Right from the get-go, the intentionally forced, stilted interplay between Michelle and Linda feels believably awkward, Michelle’s thinly-veiled desire to be literally anywhere else poised against Linda’s darker truth percolating just barely below the surface. As a dynamic its relatability draws the viewer in, because who among us hasn’t had an unwanted social interloper aggressively cling to them at one point or another?
And while the film eventually springs off into a more action-heavy mode in its second half, the character psychology of both Michelle – an excessively polite Canadian terrified of offending – and Linda – a lonely woman stuck in a state of arrested development – remain impressively plausible throughout. Pitting a character whose politeness is wholly self-sabotaging against another who keenly exploits that very quality makes for queasily compelling viewing.
And boy, do things escalate quickly once we hit the second reel, as these two women get into a series of catfights both physical and psychological throughout Linda’s home. After a purely talky first act, this could very well have been the film’s goofy undoing, but thanks largely to the committed performances of Essoe and Chong, it’s dangerously close to being a revelation.
Just as the script and direction find a subtly heightened middle-ground between slice-of-life drama and slushy cartoon, the performances cannily follow suit. While Essoe plays Michelle straight for the most part, Chong’s Linda turns things up to not-quite-11 but perhaps 10.5; knowingly manic, yet hardly licking her chops and chowing down on the scenery.
The real triumph of Chong’s work is that even when she brings Linda’s inner-bunny-boiler to the fore, there’s still this distinct sadness visible beneath.
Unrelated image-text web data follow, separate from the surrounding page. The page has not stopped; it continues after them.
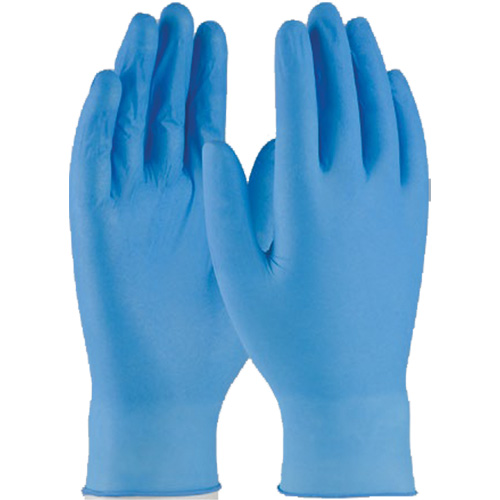 Gants jetables, Moyen, Nitrile, 4 mils, Sans poudre, Bleu Par Equipment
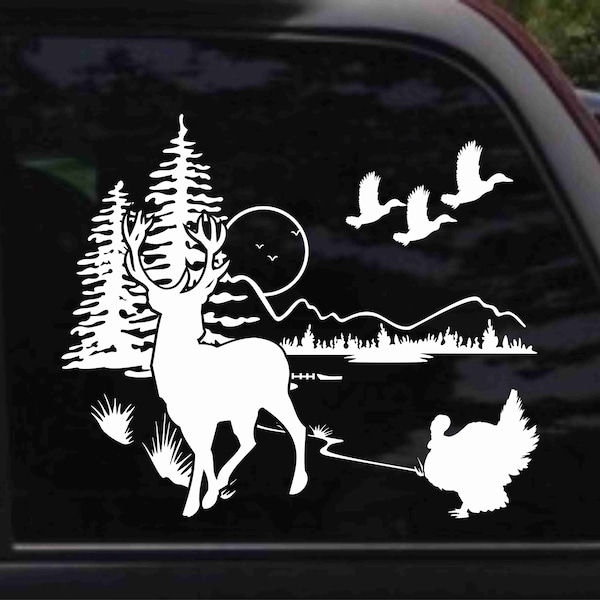 Wildlife Scene Decal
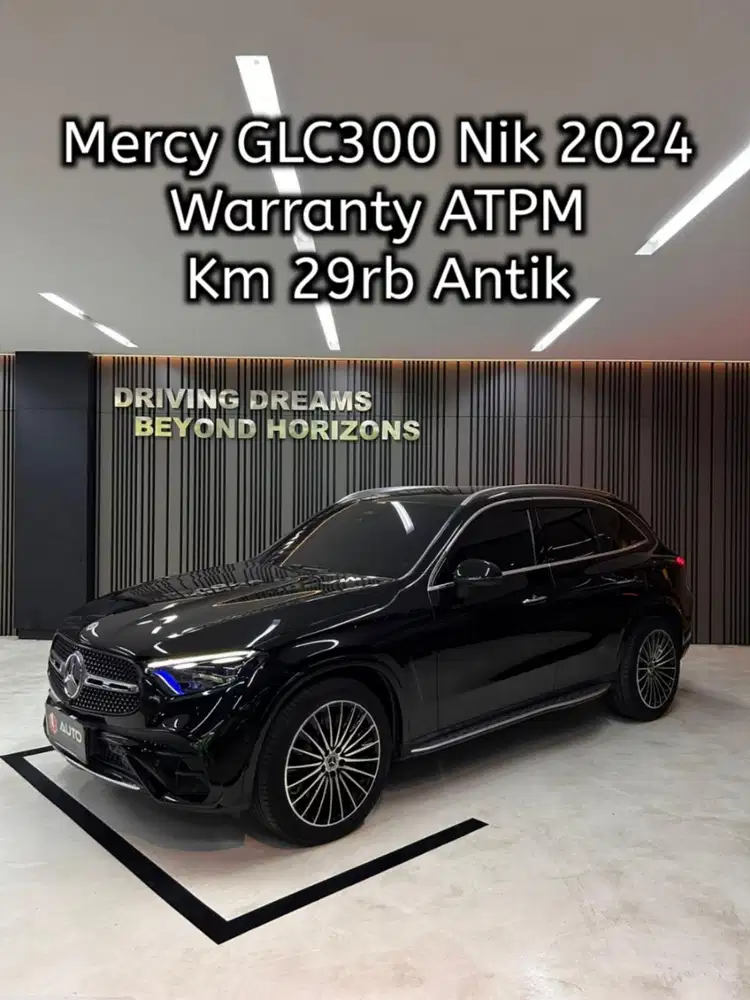 Mercedes Benz GLC300 AT 2024 Hitam Mercy Km29rb B1909WJI mdl 2023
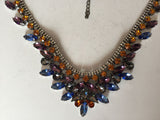 Necklace, Multi-Coloured Faceted Prong Set Crystal Rhinestones - Roadshow Collectibles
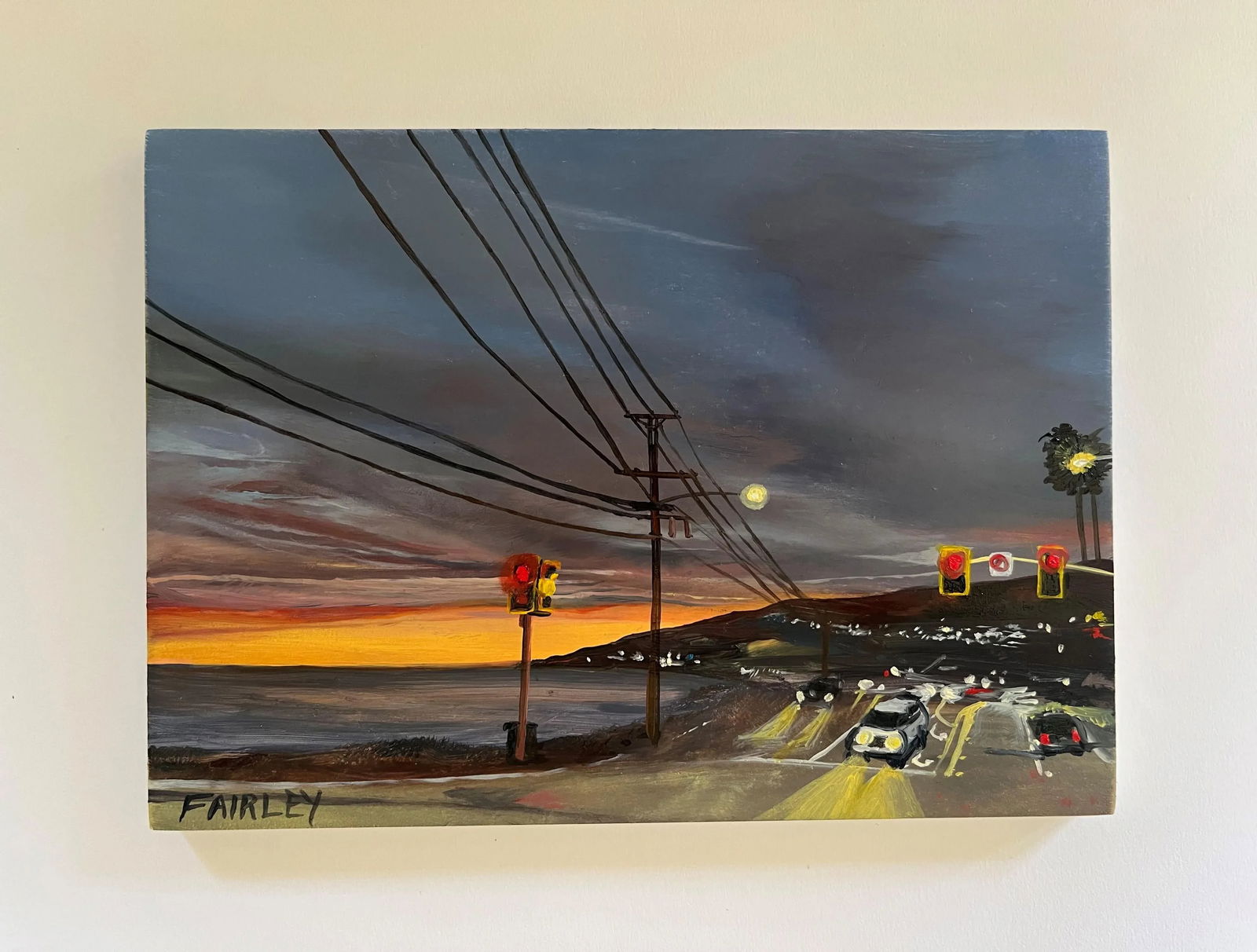 Pacific Coast Highway at Porto Marina, Original Miniature Oil Painting by Artist, Jessica Fairley - 5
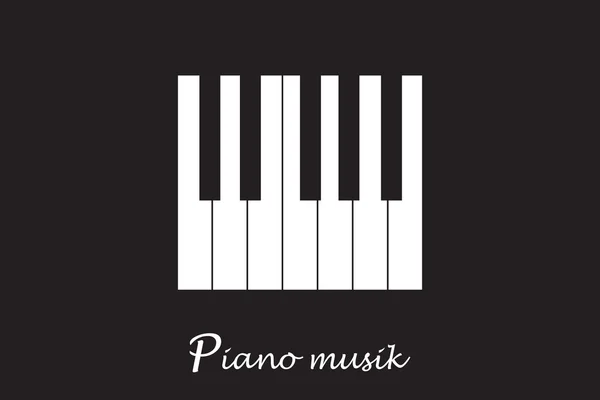 Müzik piyano klavye. — Stok Vektör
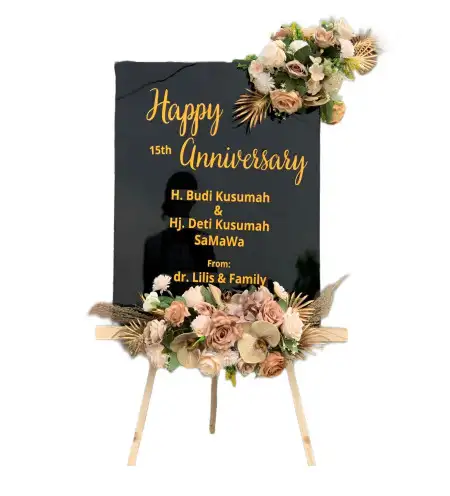 Papan Bunga Akrilik nusaherang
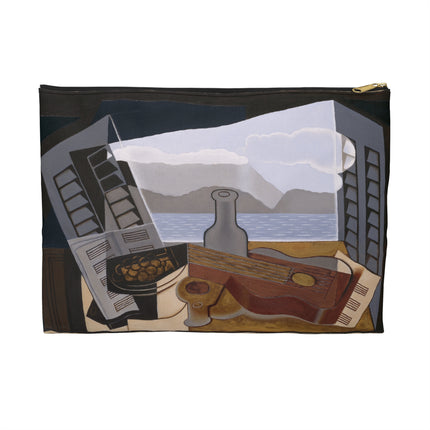 Open Window Accessory Pouch – Juan Gris Cubist Still Life Art Design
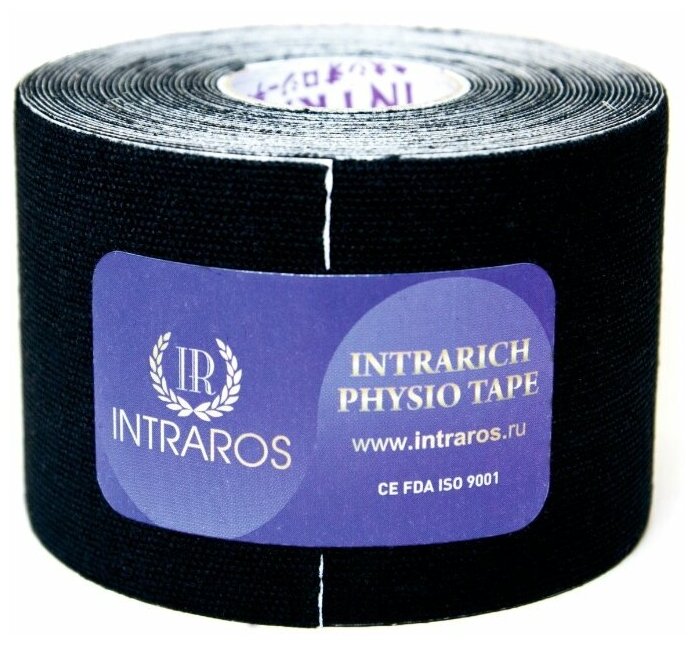 Физио-тейп INTRARICH 5см x 5м черный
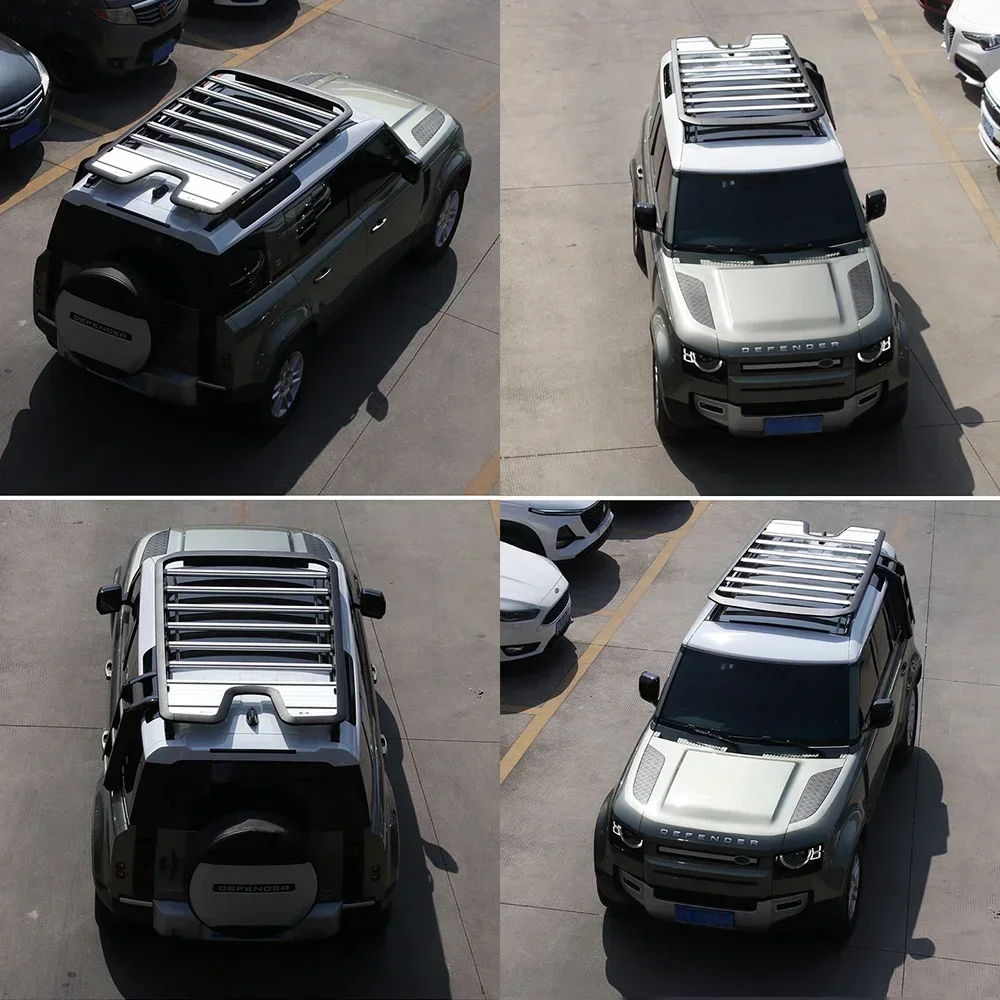 2020 랜드로버 디펜더용 오프로드 4x4 자동차 부품 스틸 크롬 루프랙 (차량용 루프 수화물 액세서리)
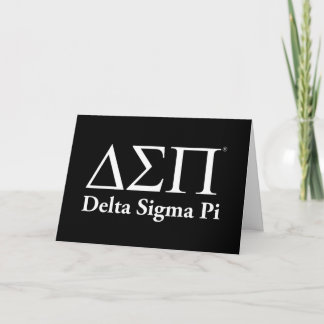 Tarjeta Logotipo Clásico de Delta Sigma Pi
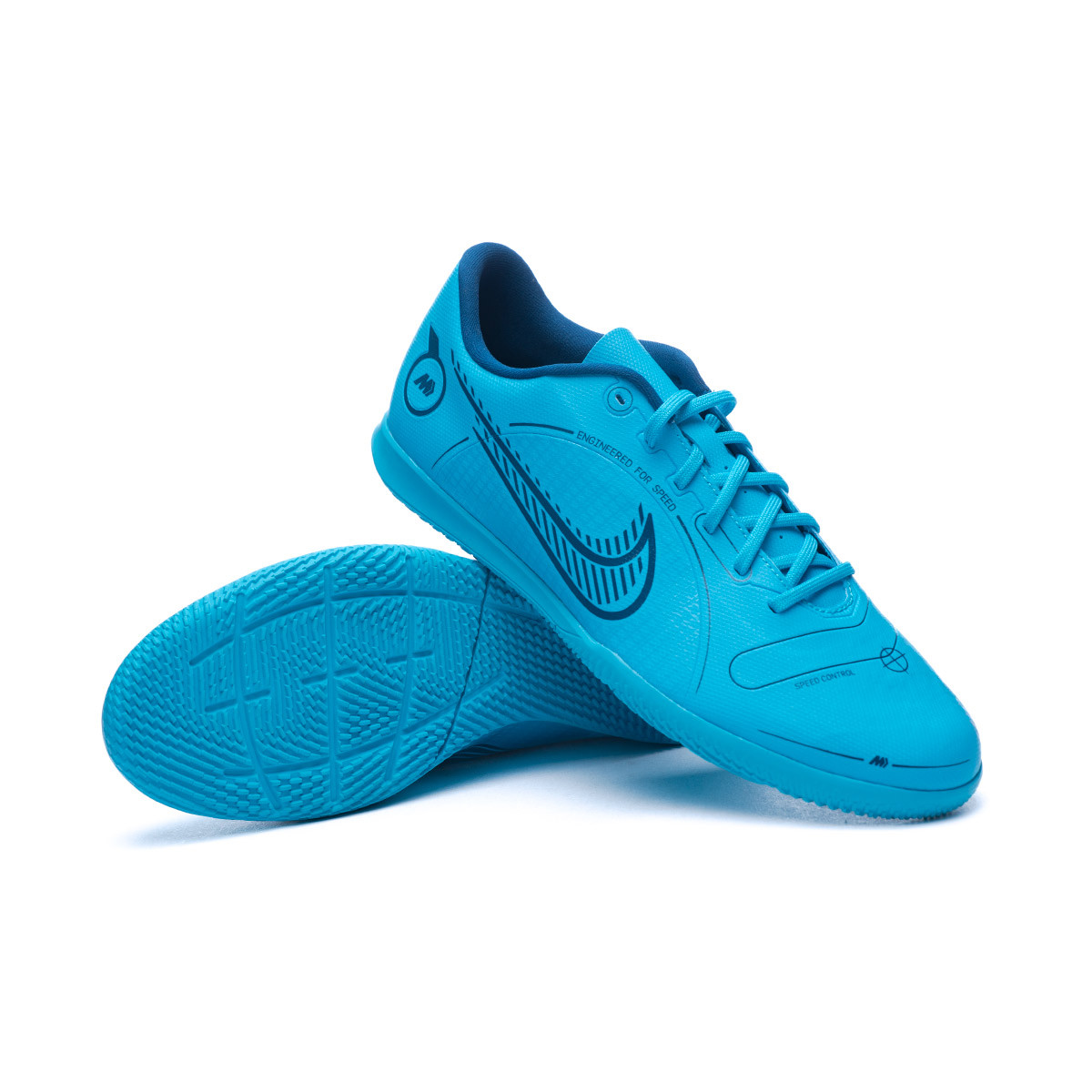 Zapatilla Fútbol sala Nike Vapor 14 Club IC Chlorine Blue-Laser Orange - Fútbol Emotion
There’s a desperation to Linda’s increasingly erratic behaviour, such that even her most depraved acts feel more symptomatic of a poisonous culture – one in which people are thoroughly disposable and mental health is so poorly recognised – than merely the work of a “crazy bitch.”
Appropriately, the central throwdown between the two is more effective when it focuses on emotional brutality rather than physical, because the inevitable punch-ups do lay the film’s low budget somewhat bare. With what appears to be a near-total absence of stunt-persons, the actors seem to be DIY-ing it, resulting in Gayne awkwardly cutting around many moments of impact. This, combined with the sluggishness of the fighting, makes it often seem a little too much like an artificial play-fight.
Yet the non-balletic clumsiness also sometimes helps ground the film, accentuated by Gayne’s genuinely straight-forward compositions and formal restraint, bar a few functional split-screen divides when Michelle and Linda are in different rooms. The tight visuals are further bolstered by a fantastically discordant, dreampop-style guitar score from Doug Martsch, which is easily one of the more unique I’ve heard all year.
With a concept this streamlined and simple, it’d be easy for things to fall apart when the filmmaker finally has to settle on an ending, and while some of the third act surprises may not quite sit right with everyone, those waiting on the edge of their seat for gnarliness will be duly rewarded, ahead of an hilarious final punchline.
Though some of the action feels a little too slow and stilted for its own good, Homewrecker’s low-fi, homespun conception mostly works in its favour, complimenting its primarily confined setting and lithe runtime.
A promising debut for director Zach Gayne, Homewrecker is a lean, efficient horror-satire topped by an entrancingly unhinged performance from Precious Chong.